0

I'm trying to get the Urls (lnk) and the paragraphs (txt) extract form python script below into a csv with pandas.

For some reason the generated csv returns the headers (lnk and txt) and the Urls only, but not the corresponding paragraphs. The CSV file returns currently that

lnk    | txt
url 1  | 
url 2  |

What I need would be

lnk    | txt
url 1  | text 1
url 2  | text 2

But both the Urls and the paragraphs do get printed in the cmd console.

Why doesn't the paragraphs get exported into the csv as well? What would be a working fix to this problem? thanks.

(sorry for the long code, I'm new to Python)

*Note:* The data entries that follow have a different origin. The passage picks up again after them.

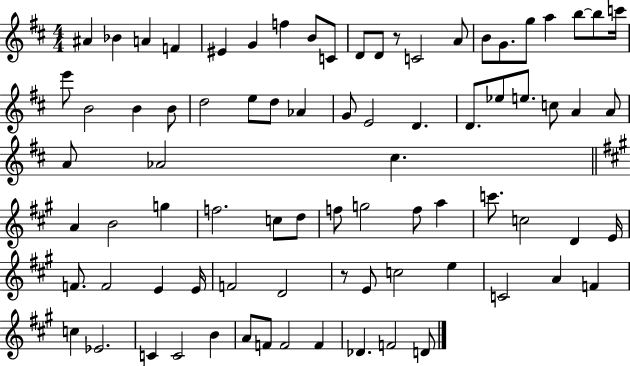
{
  \clef treble
  \numericTimeSignature
  \time 4/4
  \key d \major
  ais'4 bes'4 a'4 f'4 | eis'4 g'4 f''4 b'8 c'8 | d'8 d'8 r8 c'2 a'8 | b'8 g'8. g''8 a''4 b''8~~ b''8 c'''16 | \break e'''8 b'2 b'4 b'8 | d''2 e''8 d''8 aes'4 | g'8 e'2 d'4. | d'8. ees''8 e''8. c''8 a'4 a'8 | \break a'8 aes'2 cis''4. | \bar "||" \break \key a \major a'4 b'2 g''4 | f''2. c''8 d''8 | f''8 g''2 f''8 a''4 | c'''8. c''2 d'4 e'16 | \break f'8. f'2 e'4 e'16 | f'2 d'2 | r8 e'8 c''2 e''4 | c'2 a'4 f'4 | \break c''4 ees'2. | c'4 c'2 b'4 | a'8 f'8 f'2 f'4 | des'4. f'2 d'8 | \break \bar "|."
} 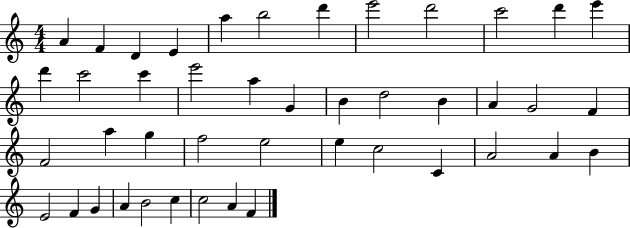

from urllib.request import urlopen
from bs4 import BeautifulSoup
import pandas as pd

url_txt = []


#GET TEXT
def getPageText(url):
    # given a url, get page content
    data = urlopen(url).read()
    # parse as html structured document
    soup = BeautifulSoup(data, 'html.parser')
    # kill javascript content
    for s in soup(["script", "style"]):
        s.replaceWith('')
    #remove the text from this class
    soup.find('p', {"class":"tiny-off"}).decompose()
    #remove the text from this div id
    soup.find('div', id = 'action-bar-top').decompose()
    #remove the text from this div id
    soup.find('div', id = 'main-content-sidebar').decompose()
    #remove the text from this class
    soup.find('div', {"class":"legal"}).decompose()
    #get the 1st paragraph (which is a link)
    for p in soup.find_all('p')[0]:
        lnk = p.get_text()
        print(lnk)
    #remove the 1st paragraph (the link) from the following combined paragraphs
    soup.find('p', id = 'current_url').decompose()
    #extract all paragraphs save the 1st (the link)
    for p in soup.find_all('p'):
        txt = p.get_text().replace("\r", "").replace("\n", "")
        print(txt)
    
    # Compiling the info
    lnktxt_data = [lnk, txt]

    # Append the info to the complete dataset
    url_txt.append(lnktxt_data)
    
#Get text from multiple urls    
def main():
    urls = [
        'https://stackoverflow.com/questions/63400153/how-to-export-pandas-dataframe-into-csv-file',       #dummy page
        'https://stackoverflow.com/questions/52716762/how-to-join-newlines-into-a-paragraph-in-python'     #dummy page
    ]
    txt = [getPageText(url) for url in urls]
    for t in txt:
        print(t)
    
if __name__=="__main__":
    main()
    
#FRAME DATA
# Making the dataframe
url_txt = pd.DataFrame(url_txt, columns = ['lnk', 'txt'])
 
url_txt.head()
    
#CREATE A FILE
# Save as CSV File
url_txt.to_csv('url_txt.csv',index=False)
Lod
  • 657
  • 1
  • 9
  • 30

1 Answers1

0

I've found a simpler way that's working (with room for improvement), with help from those two previous answers

How to join newlines into a paragraph in python

How to scrape web news and combine paragraphs into each article

Please let me know below how you would improve it if you find a better way.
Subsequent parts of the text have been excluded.